ECLI:NL:CRVB:2013:1255
Centrale Raad van Beroep
- Hoger beroep
- R. Kooper
- Rechtspraak.nl
Afwijzing verzoek tot bevordering binnen de Koninklijke Marechaussee
In deze zaak heeft de Centrale Raad van Beroep op 1 augustus 2013 uitspraak gedaan in hoger beroep tegen een eerdere uitspraak van de rechtbank 's-Gravenhage. Appellant, werkzaam als medewerker falsificaten bij de Koninklijke Marechaussee, had verzocht om met terugwerkende kracht te worden bevorderd tot senior medewerker falsificaten. Dit verzoek was gebaseerd op toezeggingen van zijn teamleider en brigadecommandant dat zijn functie en rang zouden worden opgewaardeerd. De minister van Defensie heeft het verzoek echter afgewezen, omdat er geen sprake was van een herwaardering van de functie of toezeggingen die dit rechtvaardigden.
De Raad heeft vastgesteld dat appellant gedurende de periode van zijn functie niet heeft opgekomen tegen de toekenning van de rang van wachtmeester der eerste klasse. Hierdoor heeft de afwijzing van zijn verzoek om bevordering het karakter van een weigering om terug te komen op een eerder besluit dat in rechte onaantastbaar is geworden. De rechtbank heeft deze situatie niet onderkend, wat heeft geleid tot de huidige beoordeling door de Raad.

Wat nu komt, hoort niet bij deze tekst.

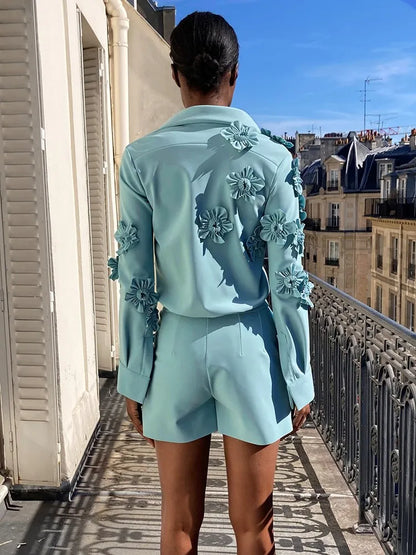 Minimalistischer Damen-Blazer mit Schalkragen, langen Ärmeln und Patchwork-Taschen – modisch und elegant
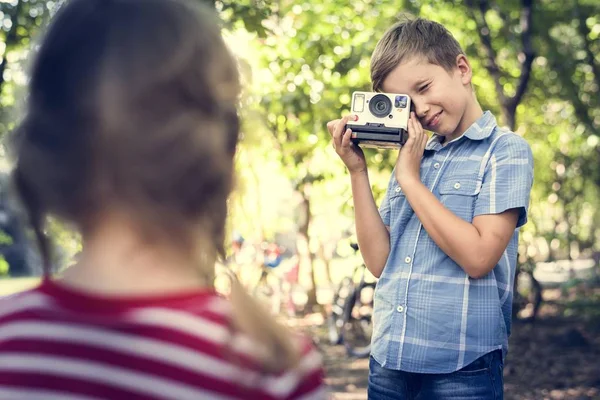 Chłopiec Przy Użyciu Kamery Vintage — Zdjęcie stockowe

De Raad heeft verder overwogen dat er in het geval van een duuraanspraak een onderscheid moet worden gemaakt tussen het verleden en de toekomst. Voor de periode voorafgaand aan het verzoek is de bestuursrechter beperkt tot de vraag of er nieuwe feiten of veranderde omstandigheden zijn. In dit geval heeft appellant geen nieuwe feiten of omstandigheden naar voren gebracht, waardoor de afwijzing voor deze periode standhoudt. Voor de periode na de indiening van het verzoek heeft de minister echter een zorgvuldige belangenafweging gemaakt, wat ook door de Raad is bevestigd.
De Raad concludeert dat de afwijzing van het verzoek om bevordering zowel voor de periode voorafgaand aan als na de indiening van het verzoek in rechte stand kan houden. Het hoger beroep van appellant slaagt niet, en de aangevallen uitspraak wordt bevestigd. Er is geen aanleiding voor een proceskostenveroordeling.